The Securities and Exchange Board of India (Sebi) has mandated Religare Enterprises (REL) to seek approvals to proceed with the Burman family's open offer, marking a setback for REL's management, led by chairperson Rashmi Saluja. REL is required to apply for necessary approvals from the Reserve Bank of India (RBI), Insurance Regulatory and Development Authority of India (Irdai), and Sebi by July 12. The REL management had previously obstructed the Dabur promoters' open offer application for nine months, challenging their "fit and proper" status.
A spokesperson for the Burman family emphasized their commitment to completing the open offer for the benefit of REL's public shareholders. Following Sebi's order, REL will apply to the relevant regulators for the acquirers' fit and proper status, as stated by an REL spokesperson on Thursday. Shares of REL increased nearly 4%, closing at Rs 233.4.
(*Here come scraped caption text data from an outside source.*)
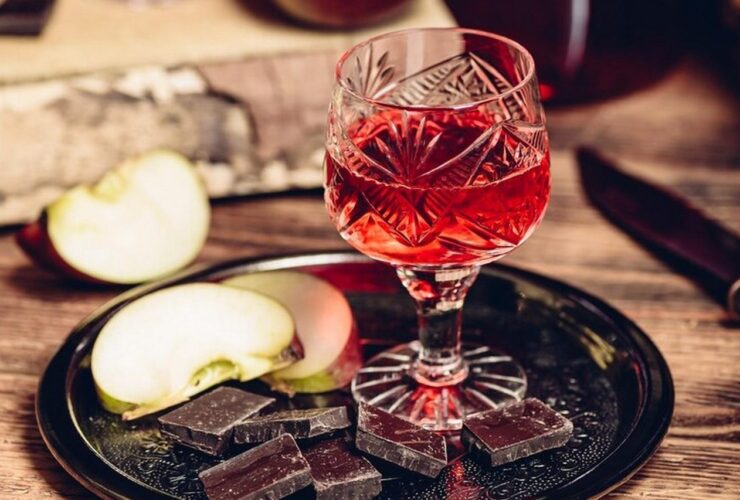 Przyrządzanie nalewek – którą koniecznie trzeba zrobić chociaż raz w życiu - Relaks domowa nalewka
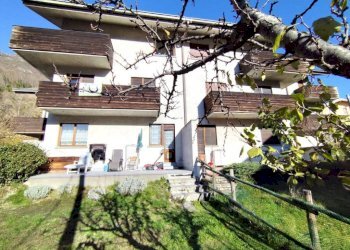 Facciata - Bilocale Località Panorama, 27, Chatillon - foto 14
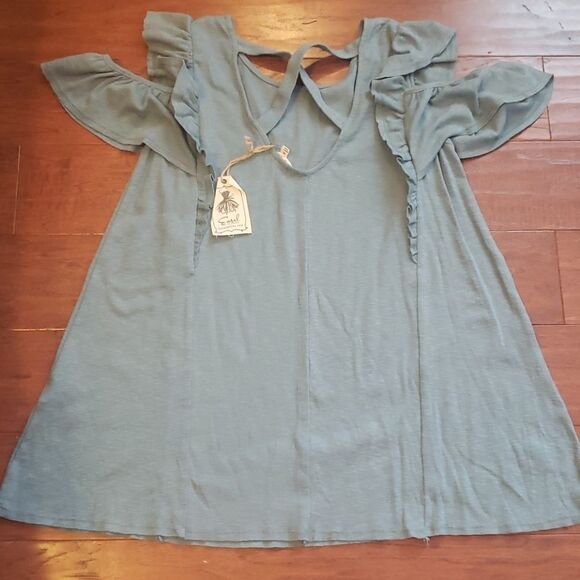 Easel Los Angeles Womens Blue Short Sleeve Cold Shoulder Top Size Medium NEW - Picture 2 of 4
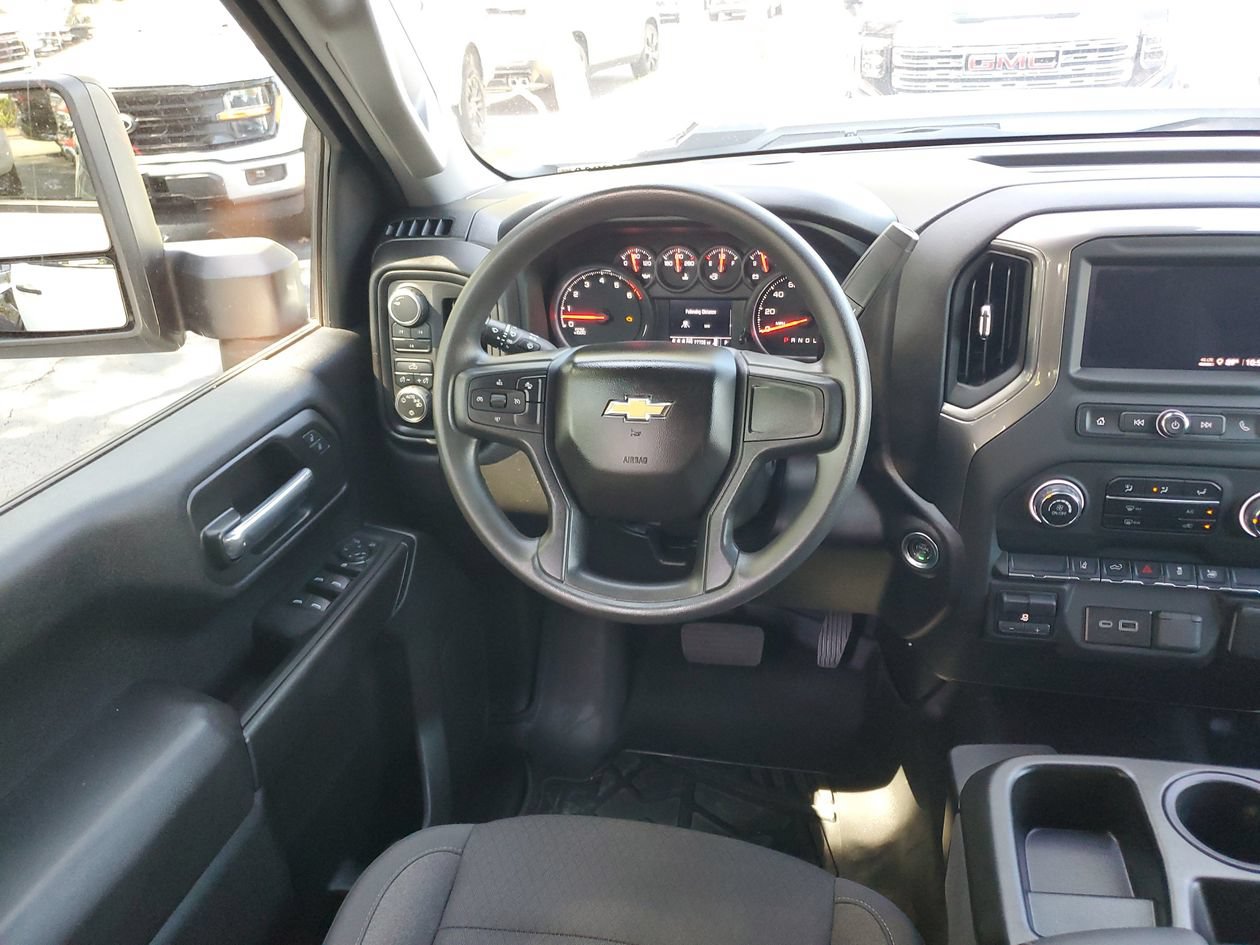 Used 2025 Chevrolet Silverado 2500 Custom w/ Custom Convenience Package AWD/4WD image 13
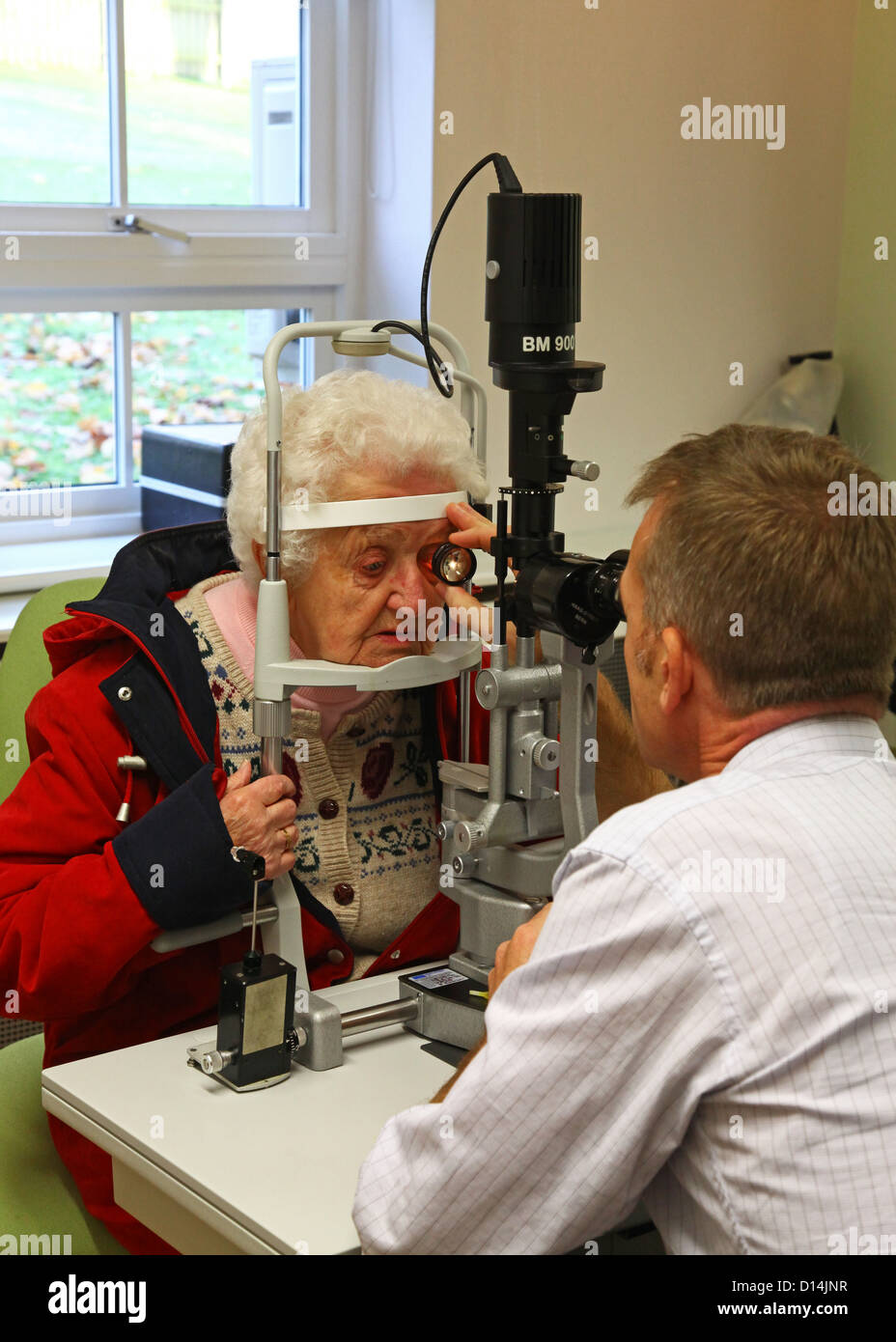 Une vieille femme qui a son les yeux de la cataracte par un ophtalmologiste consultant Banque D'Images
Sebi issued this latest order after the REL board ignored previous directives to initiate the open offer process. Sebi asserted that surpassing the 25% shareholding threshold obliges the acquirer to make an open offer for an additional 26%. The regulator emphasized that shareholders' rights to exercise this option should not be obstructed by the existing management, particularly when there is apparent hostility and conflict of interest.
Entities owned by the Burman family held a 21.54% stake in REL. Four entities purchased an additional 5.27% stake in September 2023, prompting a public announcement to launch an open offer for another 26%. Although the Burman family is the largest single shareholder in REL, they lack board representation.
Starting in October 2023, REL's board made multiple representations to Sebi against the Burman family's move to acquire more shares, citing the Burmans' alleged failure to meet the 'fit and proper' criteria for promoting a financial company with key licenses in insurance, lending, and broking.
Concurrently, the Burman family complained to Sebi about REL's lack of cooperation, which hindered their efforts to obtain regulatory approval and complete the open offer process.
On May 31, Sebi advised REL to apply to the RBI, Irdai, and Sebi for the required statutory approvals. REL's committee of independent directors responded, claiming Sebi's advice was "unwarranted, without jurisdiction, and resulted in regulatory overreach."
Sebi noted that the fit and proper criteria and REL’s allegations would be evaluated by each regulator during the open offer application process. Despite multiple opportunities, REL has not submitted any evidence supporting their claims.
Sebi has issued show-cause notices to REL, Saluja, and five others, questioning why they should not be barred from the securities market for alleged violations of Regulation 4(2)(f) of the LODR norms, which outline the responsibilities of the board of directors. Regulatory sources also indicated that Saluja is under investigation for alleged insider trading related to the proposed acquisition announcement.